Membangun Negara Dari Keluarga

02-04-2013 / KOMISI VIII

Awal 2013, kekerasan pada anak terutama kejahatan seksual  terjadi secara beruntun. Mulai dari siswi SD yang meninggal dunia, bocah 5 tahun disodomi, hingga terakhir siswi SMA yang dilecehkan gurunya. Kasus-kasus ini tentu membuat kita miris. Keluarga dan masyarakat harus waspada, karena pelaku bisa saja adalah orang-orang terdekat.

Meningkatkannya kasus kejahatan seksual terhadap anak, membuat Komnas Perlindungan Anak (Komnas PA) menetapkan tahun 2013 merupakan tahun Darurat Nasional Kejahatan Seksual terhadap anak

Anggota Komisi VIII DPR RI, Ali Maschan Moesa menilai  istilah tersebut tidak terlalu penting, namun bagaimana Komnas PA bisa melakukan aksi dan proaksi. “Justru kita pertanyakan mengenai darurat tersebut, kalau dikatakan darurat namun aksinya tidak ada kan menjadi tidak bermakna”, katanya.

UU tentang Perlindungan Anak  sendiri sudah ada, menurutnya, tinggal  sekarang  bagaimana eksekutornya yaitu  Komisi Perlindungan Anak Indonesia (KPAI).  KPAI tidak bisa sendirian harus berjalan dengan stakeholder yang lain.

Melihat fenomena meningkatnya kekerasan pada anak sendiri, Ali Maschan menyatakan, bahwa menurutnya KPAI sebenarnya sudah overload pekerjaannya. KPAI  harus menjalin kerjasama  dengan lembaga-lembaga terkait seperti Kementerian Agama dan Kementerian Koordinator Kesejahteraan RakyatKarena menurut penilaiannya hal itu yang belum dilakukan.

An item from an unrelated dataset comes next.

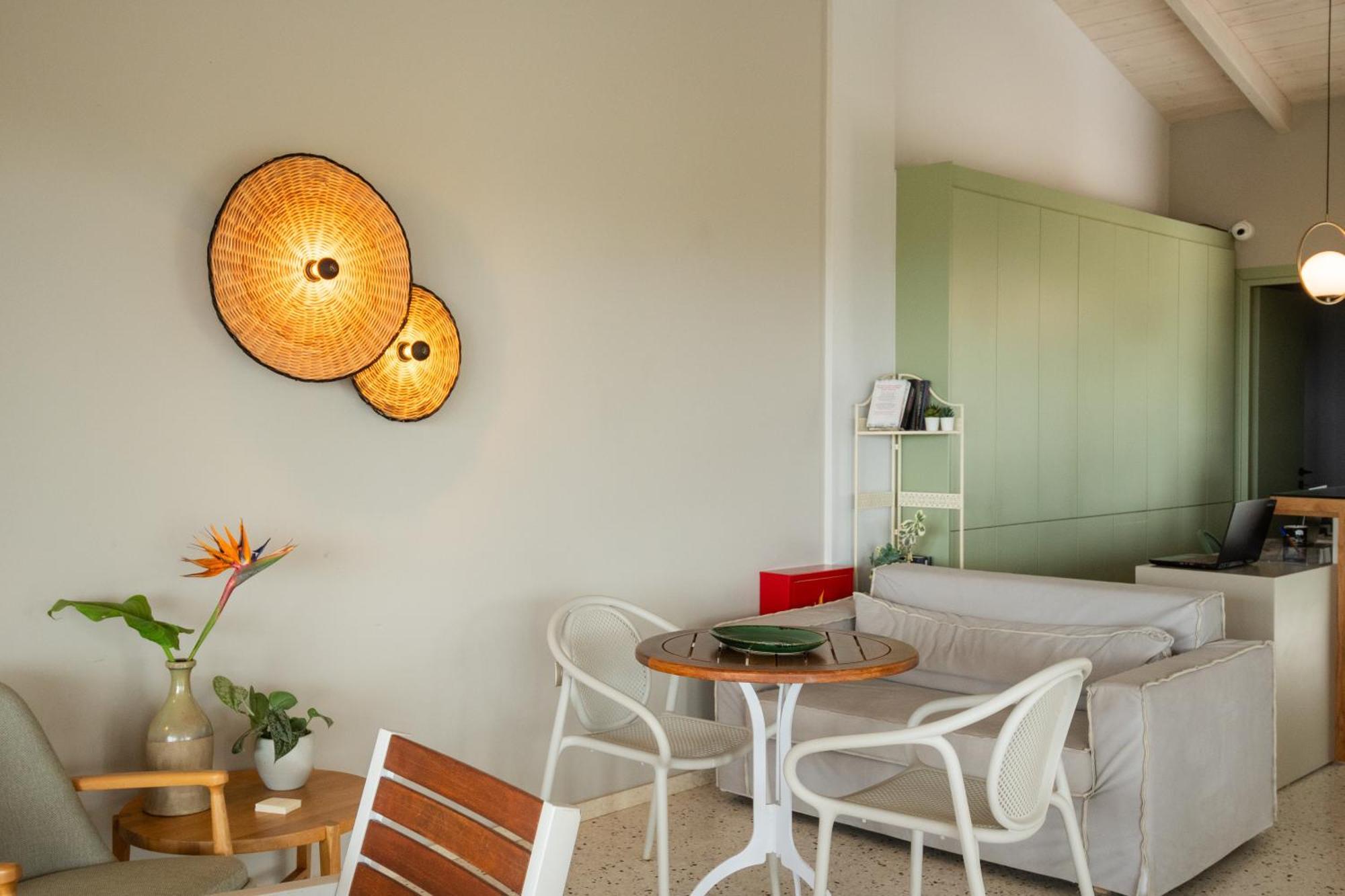 Callisto Seaside Homes & Suites Marathopoli Exterior foto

“Saya kira seeing is learning, tidak seperti membaca, reading is reading begitu, jadi apa yang dilihat anak sekarang itu yah memang kekerasan seperti melihat TV, jadi contoh-contoh kekerasan yang dilihat anak, dan anak belum mampu memfilter itu baik atau tidak, anak-anak kan jiwanya masih labil, dan disinilah pentingnya peran keluarga, karena soal keluarga nomer satu”, papar politisi dari Fraksi PKB.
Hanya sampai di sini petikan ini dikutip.